Tactics—the more immediate, bite-size steps we’ll take to gradually accomplish the larger strategy. Say, for example, since we have a strong local following, we’ll go after six nearby college towns as phase one, because we know our current fan base has friends or family there. First step toward accomplishing that phase is to work on opening for bands already popular in those areas and to also invite those bands to open for us in our town (win-win). We'll start an email campaign about a month before the gigs, via Facebook and traditional email (from our mailing list), inviting our current fans to encourage their out-of-town friends to the shows in those new towns.
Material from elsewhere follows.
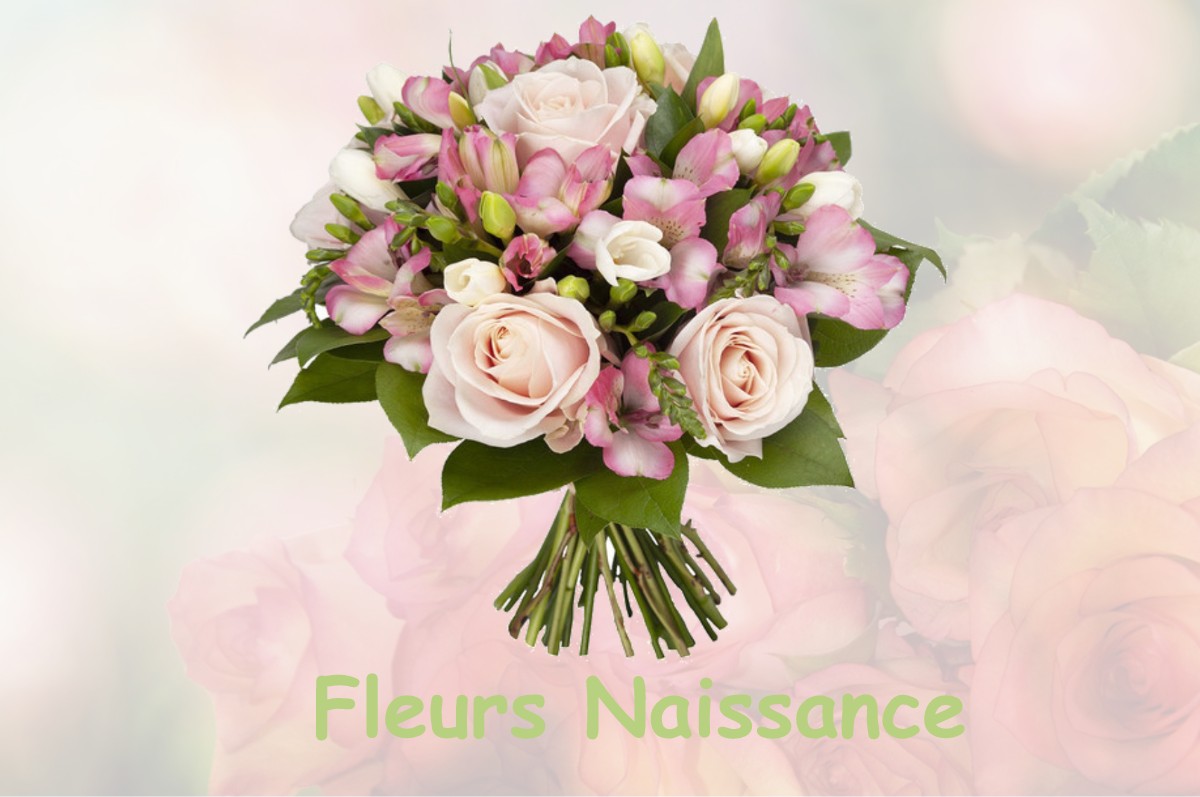 fleurs naissance BEUIL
We spread the word via twitter, that if our local fans travel to those other cities, we'll put the first 20 on the guest list. Then, a day or two before the gig, we invite our fans to start tweeting about the upcoming show. Because we will have also sent our new potential fans to our MySpace page, they'll be familiar with our music and be able to generate additional buzz.
As you can see, the process of accomplishing each tactical step (going after nearby college towns, for example) becomes a mini-strategy and involves other tactical steps.
Now, while it’s important to understand the distinctions between strategic and tactial, it’s even more important to have an actual strategy and tactics in place—because utilizing social media without a well-laid plan of attack is… well, it’s not very effective (I was going to say, it was dumb, but that sounded so, you know, dumb).
Anyway, assuming that you do have a strategy, let’s talk about how social media can play into that strategy and provide you with tactical approaches you can implement along the way.
The six basic elements we’ll talk about are your band website, your MySpace site, your Facebook site, twitter, YouTube, and Amazon/CD Baby/iTunes. In this installment of the series we’ll cover the first two. Ready?
1. Your artist or band website: This is really your home base, the hub around which all of the other social media tools can revolve. If we were in the brick and mortar world, your own website might be the equivalent of your company’s main office. Some points you may want to consider for your site include:
The site should be, among other things, user-friendly, creative in a way that is reflective of your band image, yet still as clear and uncluttered as possible.
You want people who come to your site to easily find all of the vital information about your act (i.e. your bio, electronic press kit, show/tour schedule, email list sign-up, booking info, management contact, music, and merchandise, etc.). It needs to be a place for fans, yes, but also for the professionals to come for information access (for example, the press, booking agents, club and venue owners, labels, etc.).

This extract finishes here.